Thread Subject: Construct a matrix with rotational column elements

Hi all,

I want to construct a matrix with rotational column elements in each row. Following is an example

 A =
     1 2 3 4
     4 1 2 3
     3 4 1 2
     2 3 4 1

Given r = [1 2 3 4], instead of constructing the matrix row by row, is there any function in Matlab for doing this automatically?

Thank you,

Wendy

"Wendy " <wlq121@gmail.com> wrote in message <jb395o$haj$1@newscl01ah.mathworks.com>...
> Hi all,
>
> I want to construct a matrix with rotational column elements in each row. Following is an example
>
> A =
> 1 2 3 4
> 4 1 2 3
> 3 4 1 2
> 2 3 4 1
>
> Given r = [1 2 3 4], instead of constructing the matrix row by row, is there any function in Matlab for doing this automatically?
==================


If the matrix is to be sparse, it would be recommendable to use this tool with the 'circ' option.

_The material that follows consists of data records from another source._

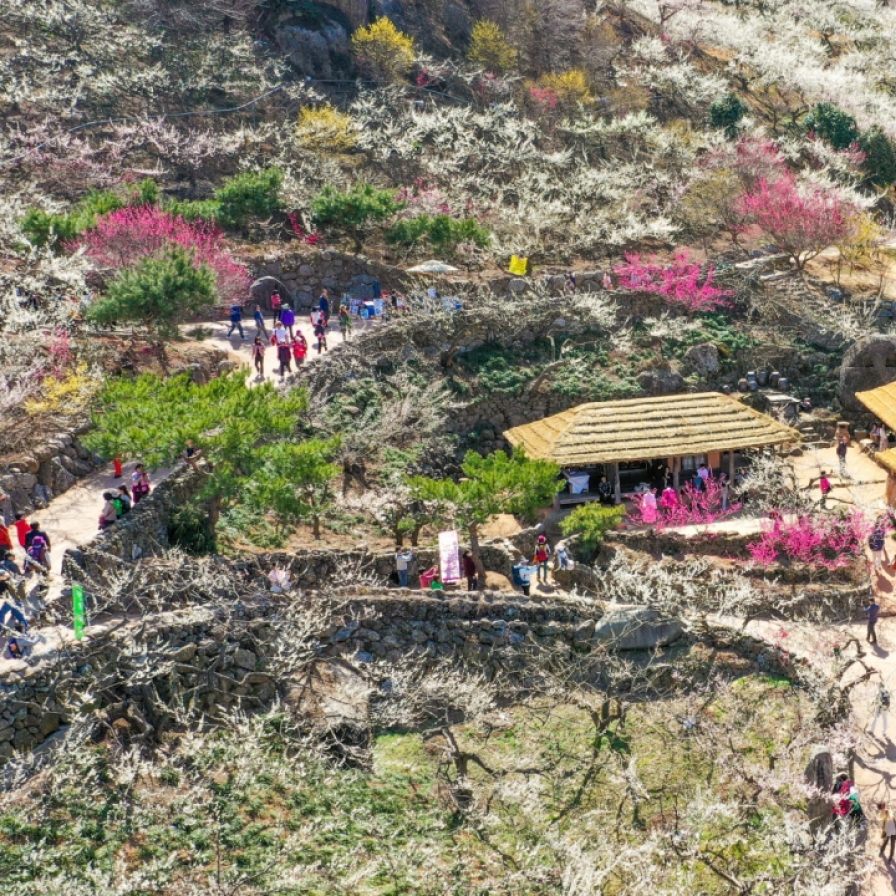 Gwangyang Plum Blossom Festival to charge admission for first time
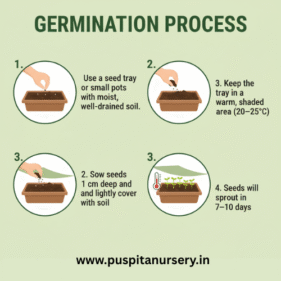 balsam d mixed Germination Process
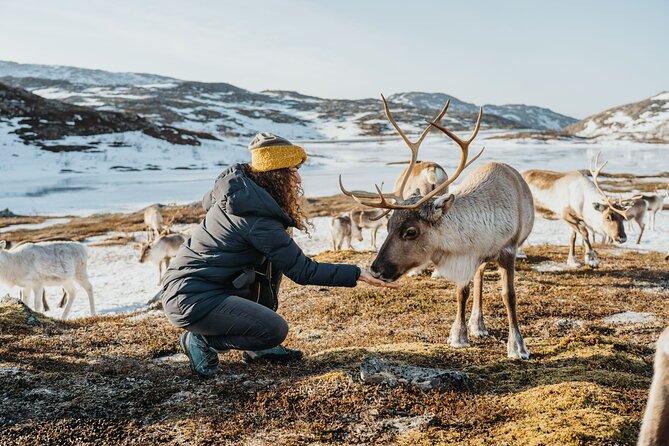 Arctic Fjords and Reindeer Experience – Small Group Tour - - Traveler Photos and Reviews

http://www.mathworks.com/matlabcentral/fileexchange/26292-regular-control-point-interpolation-matrix-with-boundary-conditions


It can also handle small examples like what you've described:

>> full(interpMatrix([1 2 3 4],1,4,1,'circ')).'

ans =

     1 2 3 4
     4 1 2 3
     3 4 1 2
     2 3 4 1

"Wendy " <wlq121@gmail.com> wrote in message
news:jb395o$haj$1@newscl01ah.mathworks.com...
> Hi all,
>
> I want to construct a matrix with rotational column elements in each row.
> Following is an example
>
> A =
> 1 2 3 4
> 4 1 2 3
> 3 4 1 2
> 2 3 4 1
>
> Given r = [1 2 3 4], instead of constructing the matrix row by row, is
> there any function in Matlab for doing this automatically?

r = 1:4;
A = gallery('circul', r)

--
Steve Lord
slord@mathworks.com
To contact Technical Support use the Contact Us link on
http://www.mathworks.com

"Steven_Lord" <slord@mathworks.com> wrote in message <jb3d4e$27u$1@newscl01ah.mathworks.com>...
>
> >
> > Given r = [1 2 3 4], instead of constructing the matrix row by row, is
> > there any function in Matlab for doing this automatically?
>
> r = 1:4;
> A = gallery('circul', r)
====================


@Wendy,
Just be mindful, though, that GALLERY may not be the best thing to use for large sparse matrices. Compare:


r=[1 2 3 4 sparse(zeros(1,10000))];

%% Using interpMatrix

tic; A=interpMatrix(r,1,length(r),1,'circ').'; toc
%Elapsed time is 0.029751 seconds.


%% Using GALLERY

 tic; A=gallery('circul',r); toc
Out of memory. Type HELP MEMORY for your options.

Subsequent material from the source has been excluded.